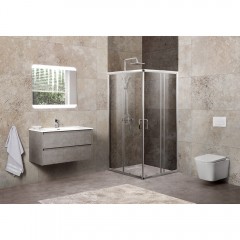 Душевое ограждение BelBagno Unique UNIQUE-A-2-75/90-C-Cr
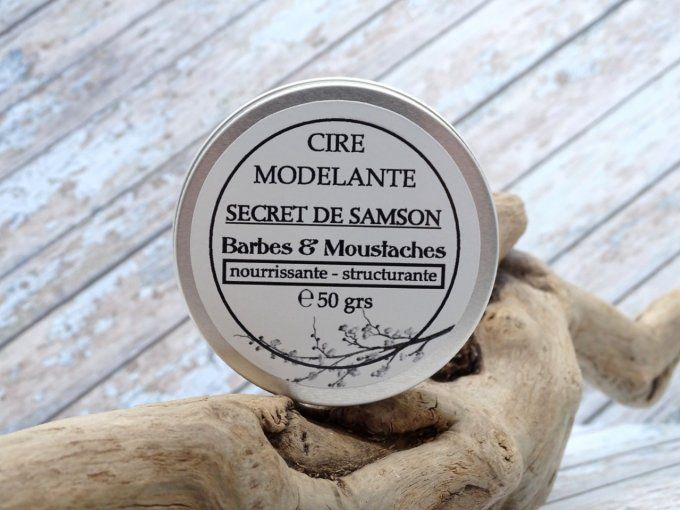 CIRE  STRUCTURANTE - PROTECTRICE  SECRET DE SAMSON - BARBES & MOUSTACHES - 50 GRS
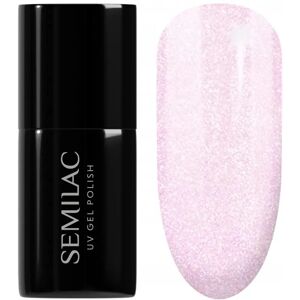 Esmalte de uñas híbrido UV blanco Semilac - 7ml - Duradero y brillante Esmalte de uñas híbrido UV blanco Semilac - 7ml - Duradero y brillante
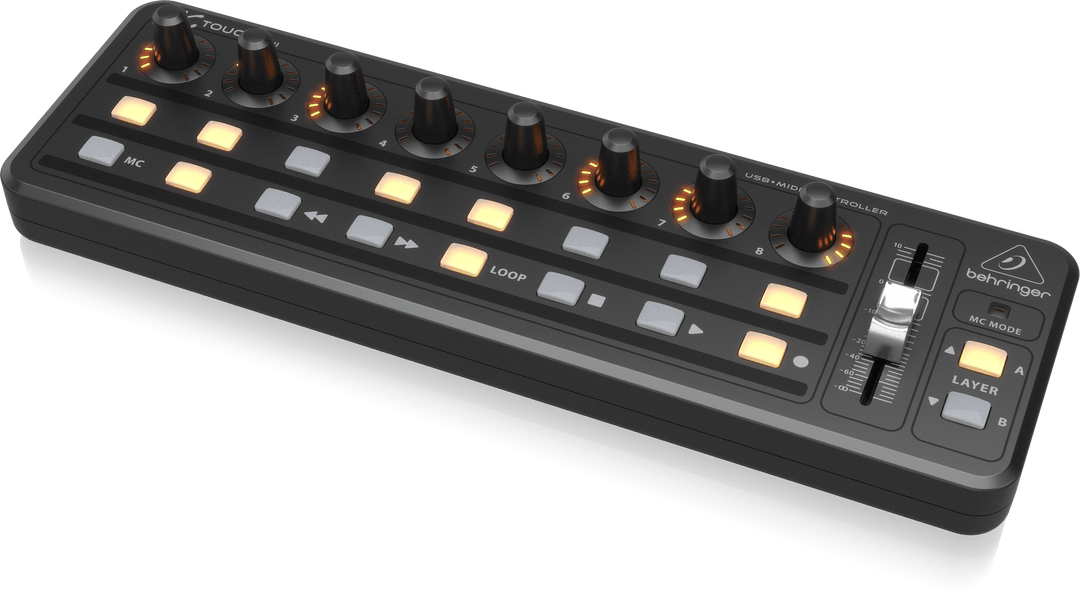 BEHRINGER X-TOUCH MINI ULTRA COMPACT UNIVERSAL USB CONTROLLER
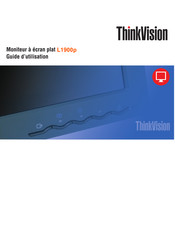Lenovo ThinkVision L1900p Guide D'utilisation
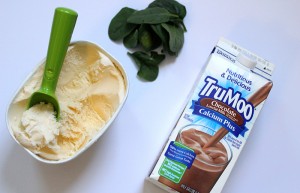Sneaky Chocolate Spinach Milkshake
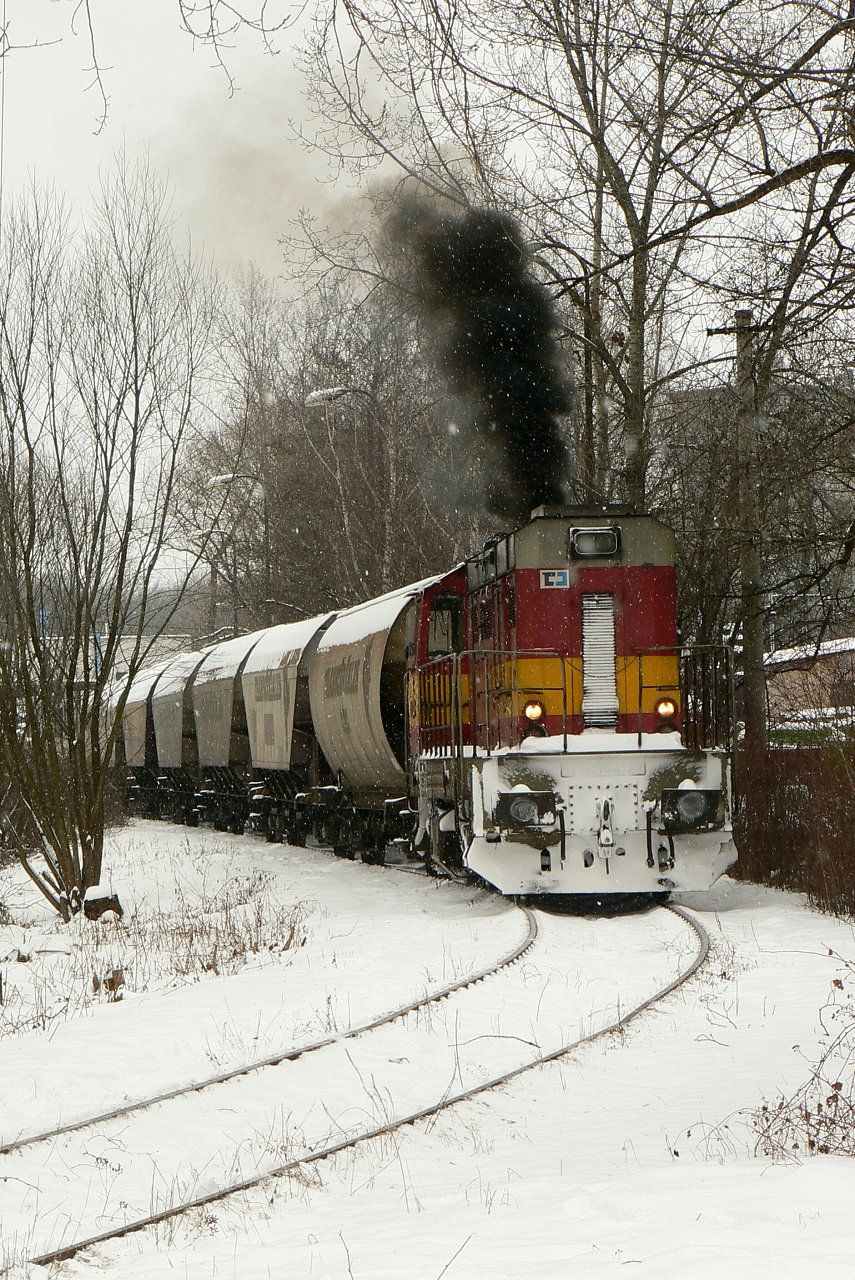 742.102+ vozy s kukuic , Vleka Lukrom Valask Mezi , 15.2.2009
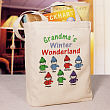 Winter Wonderland Personalized Canvas Tote Bag 820182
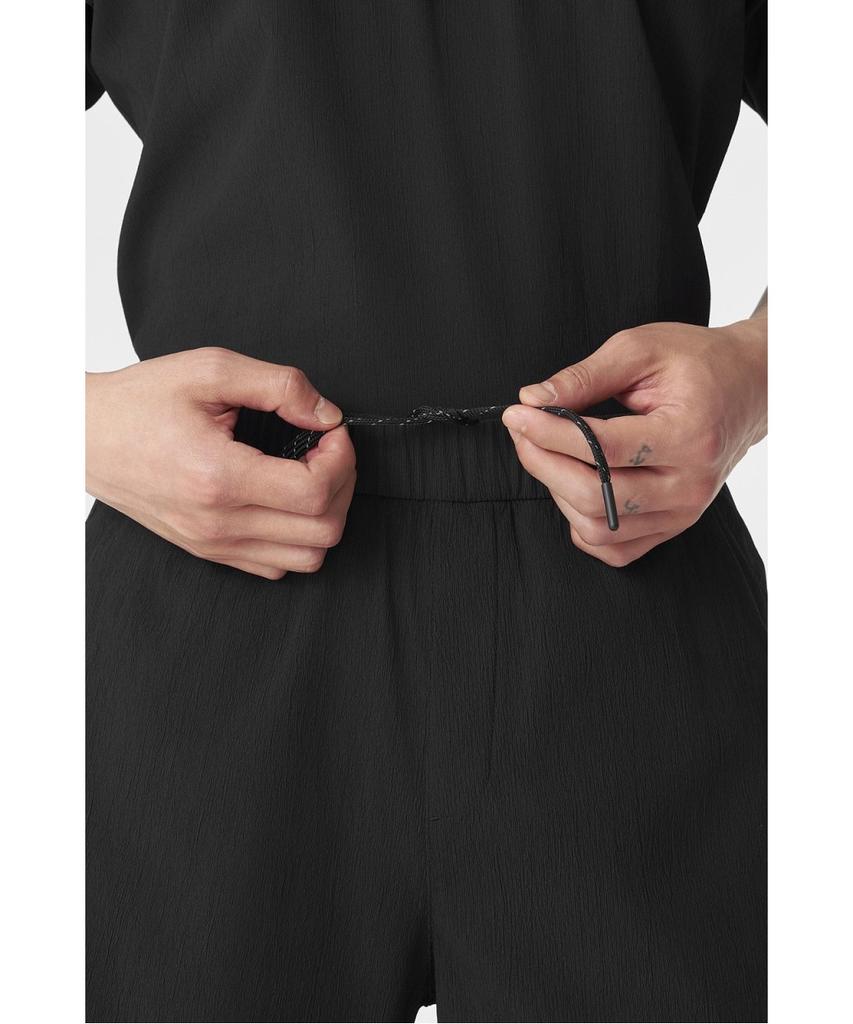 Koolongseupocheu Men'S Crease Length Shorts (Set-Up) Tlpom26621Blk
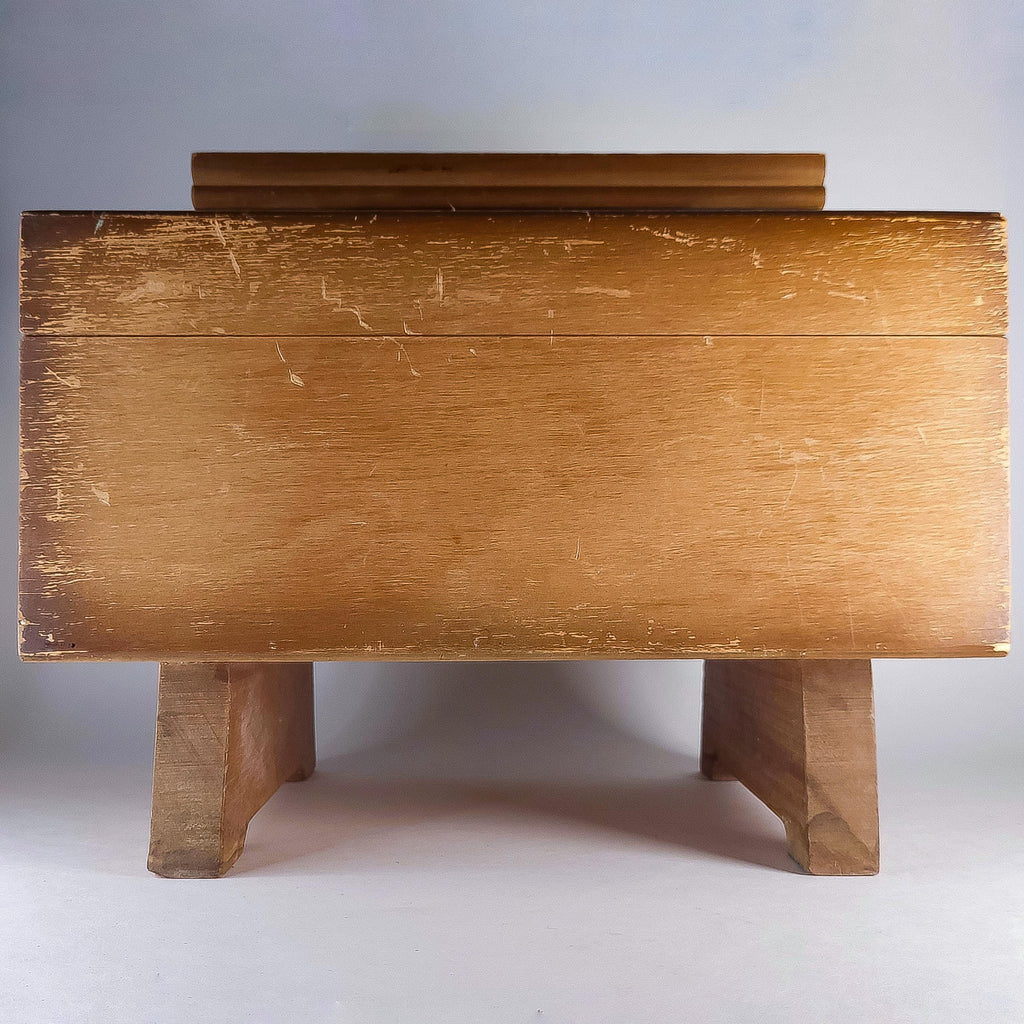 Dack's Wooden Shoe Shine Box with Storage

**Activity:**
Pictures stay out; print everything else in the data exactly.

**Your response:**
 Душевое ограждение BelBagno Unique UNIQUE-A-2-75/90-C-Cr
 CIRE  STRUCTURANTE - PROTECTRICE  SECRET DE SAMSON - BARBES & MOUSTACHES - 50 GRS
 Esmalte de uñas híbrido UV blanco Semilac - 7ml - Duradero y brillante Esmalte de uñas híbrido UV blanco Semilac - 7ml - Duradero y brillante
 BEHRINGER X-TOUCH MINI ULTRA COMPACT UNIVERSAL USB CONTROLLER
Lenovo ThinkVision L1900p Guide D'utilisation
Sneaky Chocolate Spinach Milkshake
 742.102+ vozy s kukuic , Vleka Lukrom Valask Mezi , 15.2.2009
 Winter Wonderland Personalized Canvas Tote Bag 820182
 Koolongseupocheu Men'S Crease Length Shorts (Set-Up) Tlpom26621Blk
 Dack's Wooden Shoe Shine Box with Storage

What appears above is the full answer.